- [Records provided]
☆ ☆ ☆ ☆ ☆ ☆ ☆

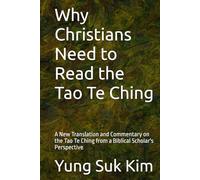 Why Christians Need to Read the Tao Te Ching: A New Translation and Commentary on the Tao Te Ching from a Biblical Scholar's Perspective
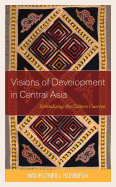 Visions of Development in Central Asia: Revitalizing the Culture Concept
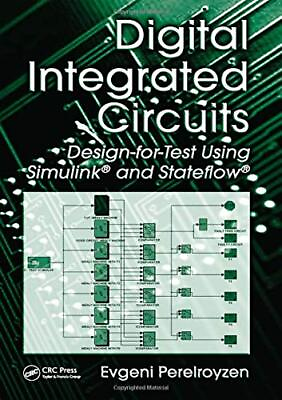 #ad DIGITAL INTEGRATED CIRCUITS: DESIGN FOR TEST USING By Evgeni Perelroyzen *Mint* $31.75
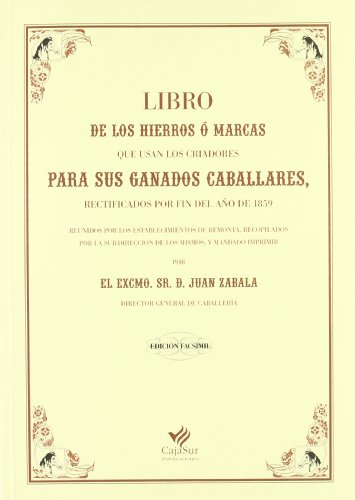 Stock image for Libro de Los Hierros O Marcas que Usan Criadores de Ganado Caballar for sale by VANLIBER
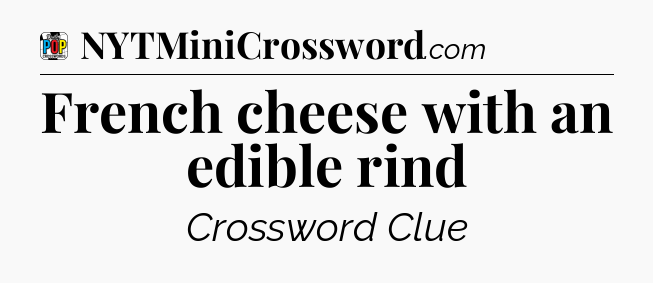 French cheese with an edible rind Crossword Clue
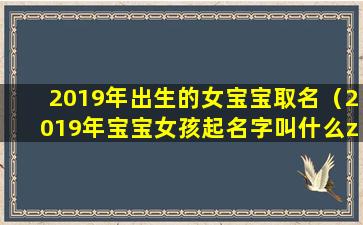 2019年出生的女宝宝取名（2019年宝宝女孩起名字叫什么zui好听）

☆ ☆ ☆ ☆ ☆ ☆ ☆

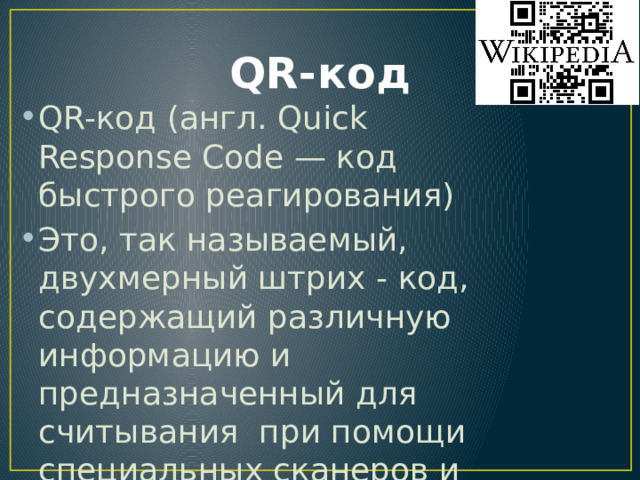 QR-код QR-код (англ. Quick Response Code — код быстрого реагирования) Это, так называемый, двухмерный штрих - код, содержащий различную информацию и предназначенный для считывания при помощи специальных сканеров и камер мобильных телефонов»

☆ ☆ ☆ ☆ ☆ ☆ ☆

- [Task]
Exact repeat of the material above: every line from the one with "#ad DIGITAL INTEGRATED" through the one with "2019年出生的女宝宝取名（2019年宝宝女孩起名字叫什么zui好听）", endpoints included, and nothing more. No pictures.

- [Solution to the problem]
 #ad DIGITAL INTEGRATED CIRCUITS: DESIGN FOR TEST USING By Evgeni Perelroyzen *Mint* $31.75
 Stock image for Libro de Los Hierros O Marcas que Usan Criadores de Ganado Caballar for sale by VANLIBER
 French cheese with an edible rind Crossword Clue
 2019年出生的女宝宝取名（2019年宝宝女孩起名字叫什么zui好听）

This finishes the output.